Francesco Rosi, in carcere per aver ammazzato a colpi di fucile la moglie Raffaella Presta, non la maltrattava. A sostenerlo, ieri in aula, dinanzi al gup Alberto Avenoso, è stata l’avvocato Laura Modena, che difende l’immobiliarista perugino che rischia l’ergastolo.
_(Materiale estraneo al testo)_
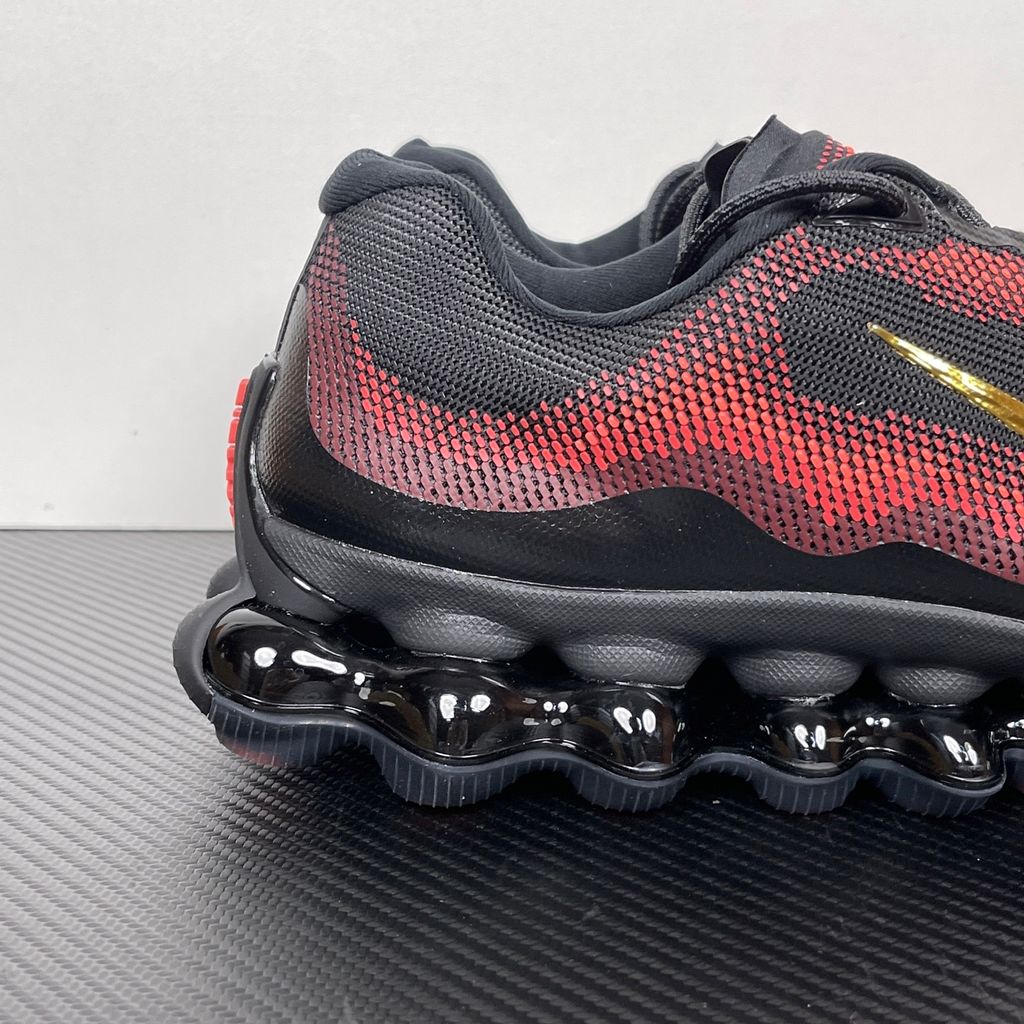 Side profile of the Nike Air Liquid Max sneaker in the 'Bright Crimson Fire Red' colorway, showcasing a fluid, aerodynamic mesh upper with vibrant red and crimson synthetic overlays, and a prominent visible Max Air cushioning unit in the heel and midfoot.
Il pubblico ministero Valentina Manuali ha infatti chiesto per lui la pena più alta prevista per omicidio volontario aggravato e per maltrattamenti. Ma per il suo legale, che ieri ha esposto solo la prima parte della sua arringa e che terminerà nell’udienza fissata per mercoledì prossimo, Rosi non maltrattava Raffaella. Anzi, per lei, erano certamente una coppia in profonda crisi con un matrimonio pericolosamente vicino all’epilogo, ma quando litigavano, lo facevano alla pari. Di certo, ha evidenziato più volte il legale in aula, Raffaella non era una persona vessata e che aveva paura del marito.
Per sostenere la sua tesi ha anche fatto ascoltare alcuni audio registrati da Teodoro Vitale, l’uomo con cui Raffaella aveva uno sorta di relazione fuori dal matrimonio. In quelle chiamate, secondo l’avvocato, si sentirebbe una donna che non temeva per la propria incolumità. In particolare, il legale ha sostenuto che, quando Francesco Rosi colpì la moglie in faccia tanto da farle un occhio nero, fu perché lei gli aveva gettato addosso la fede davanti al figlio. E, sempre secondo quanto sostenuto dalla Modena, la Presta avrebbe detto a Vitali che il segno che aveva era molto più grande di quello che era in realtà.
Insomma, per la difesa Rosi, non ci sono le botte, non ci sono gli impedimenti ad uscire di casa, o a telefonare a chiunque Raffaella volesse, come invece sostenuto dall’accusa. La Modena lo ha sostenuto quando ha dimostrato, tabulati alla mano, che Raffaella passava ore al telefono.
Nelle scorse udienze, i legali di parte civile che rappresentano la famiglia Presta e il figlio dei due, hanno chiesto quasi tre milioni di euro di risarcimento. Si torna in aula mercoledì prossimo per la difesa e poi il 17 giugno per le repliche. La sentenza potrebbe arrivare nell’udienza del 12 giugno.